StreamNative Pulsar Operator on EKS
The StreamNative Pulsar Operator manages the Pulsar service instances deployed on a Kubernetes cluster. In the article, I demo how to use StreamNative Pulsar operators to deploy a Pulsar cluster on the EKS cluster.
Create an AWS account
INSTALLING PRE-REQUISITES
Install Kubectl
sudo curl --silent --location -o /usr/local/bin/kubectl \ https://s3.us-west-2.amazonaws.com/amazon-eks/1.21.2/2021-07-05/bin/linux/amd64/kubectl sudo chmod +x /usr/local/bin/kubectl
Note: You must use a kubectl version that is within one minor version difference of your Amazon EKS cluster control plane. For example, a 1.21 kubectl client works with Kubernetes 1.20, 1.21, and 1.22 clusters.
Update AWS cli
sudo pip install --upgrade awscli && hash -r
Install Helm (v3.0.2 or higher)
Install eksctl for managing Amazon EKS
curl — silent — location “https://github.com/weaveworks/eksctl/releases/latest/download/eksctl_$(uname -s)_amd64.tar.gz” | tar xz -C /tmp
sudo mv /tmp/eksctl /usr/local/bin
eksctl version
CREATING AN AMAZON EKS CLUSTER
Amazon Elastic Kubernetes Service (Amazon EKS) is a fully managed Kubernetes service, trusted to run the most sensitive and mission-critical applications because of its security, reliability, and scalability
EKS Cluster creation
CLUSTER="<name>"
eksctl create cluster --name ${CLUSTER} --region ${AWS_REGION} --zones ${AWS_REGION}a,${AWS_REGION}b
Launching EKS and all the dependencies will take approximately 15 minutes
Verify the cluster
Test the cluster:
Get cluster Name and Region:
eksctl get clusters
Set CLUSTER: (use the name of the Cluster from earlier step)

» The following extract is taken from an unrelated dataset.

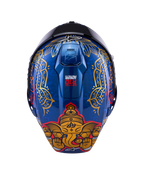 Alpinestars Supertech R10 Martinator Thai-helm, glanzend blauw carbon met gouden olifantgraphic en sierlijke patronen.
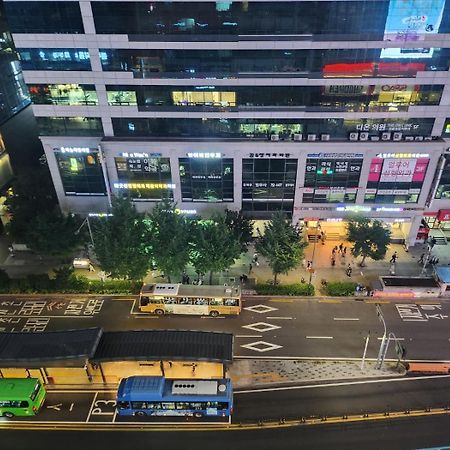Hongdae Cleanhouse Hotel Сеул Екстериор снимка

CLUSTER=<YOUR_CLUSTER_NAME>
Update kubeconfig:
aws eks update-kubeconfig --name $CLUSTER --region $AWS_REGION
Confirm your nodes:
kubectl get nodes # if we see our 3 nodes, we know we have authenticated correctly
Congratulations!
You now have a fully working Amazon EKS Cluster that is ready to use!
Why use k8s operators?
Kubernetes' operator pattern concept lets you extend the cluster's behaviour without modifying the code of Kubernetes itself by linking controllers to one or more custom resources. Operators are clients of the Kubernetes API that act as controllers for a Custom Resource.
StreamNative provides a good overview of the operator concept here. StreamNative “open-sources” four operators, zookeeper, bookkeeper, broker, and function mesh, which are wrapped as a helm chart. For a quick start, you can follow the official installation doc here. This article explores a step-by-step breakdown way to set up the pulsar cluster and observe its capabilities.
To install the Pulsar Operator, follow these steps.
helm repo add streamnative https://charts.streamnative.io
helm repo update
2. Create a Kubernetes namespace.
kubectl create namespace <k8s-namespace>
3. Install the Pulsar Operator using the pulsar-operator Helm chart.
helm install pulsar-operators --namespace <k8s-namespace> streamnative/pulsar-operator
4. Verify that the Pulsar Operator is installed successfully.
Recommended by LinkedIn
kubectl get po -n <k8s-namespace>
Expected outputs:
$ kubectl get all -n test
NAME
READY STATUS RESTARTS AGE
pod/pulsar-operators-bookkeeper-controller-manager-6ff67464ff-szg5z 1/1 Running 0 2m54s
pod/pulsar-operators-pulsar-controller-manager-bc8fb895f-ddnwj 1/1 Running 0 2m54s
pod/pulsar-operators-zookeeper-controller-manager-6568777d4f-wqdpr 1/1 Running 0 2m54s
NAME READY UP-TO-DATE AVAILABLE AGE
deployment.apps/pulsar-operators-bookkeeper-controller-manager 1/1 1 1 2m54s
deployment.apps/pulsar-operators-pulsar-controller-manager 1/1 1 1 2m54s
deployment.apps/pulsar-operators-zookeeper-controller-manager 1/1 1 1 2m54s
NAME DESIRED CURRENT READY AGE
replicaset.apps/pulsar-operators-bookkeeper-controller-manager-6ff67464ff 1 1 1 2m54s
replicaset.apps/pulsar-operators-pulsar-controller-manager-bc8fb895f 1 1 1 2m54s
replicaset.apps/pulsar-operators-zookeeper-controller-manager-6568777d4f 1 1 1 2m54s
If you check your k8s API resources, you will find all the API created.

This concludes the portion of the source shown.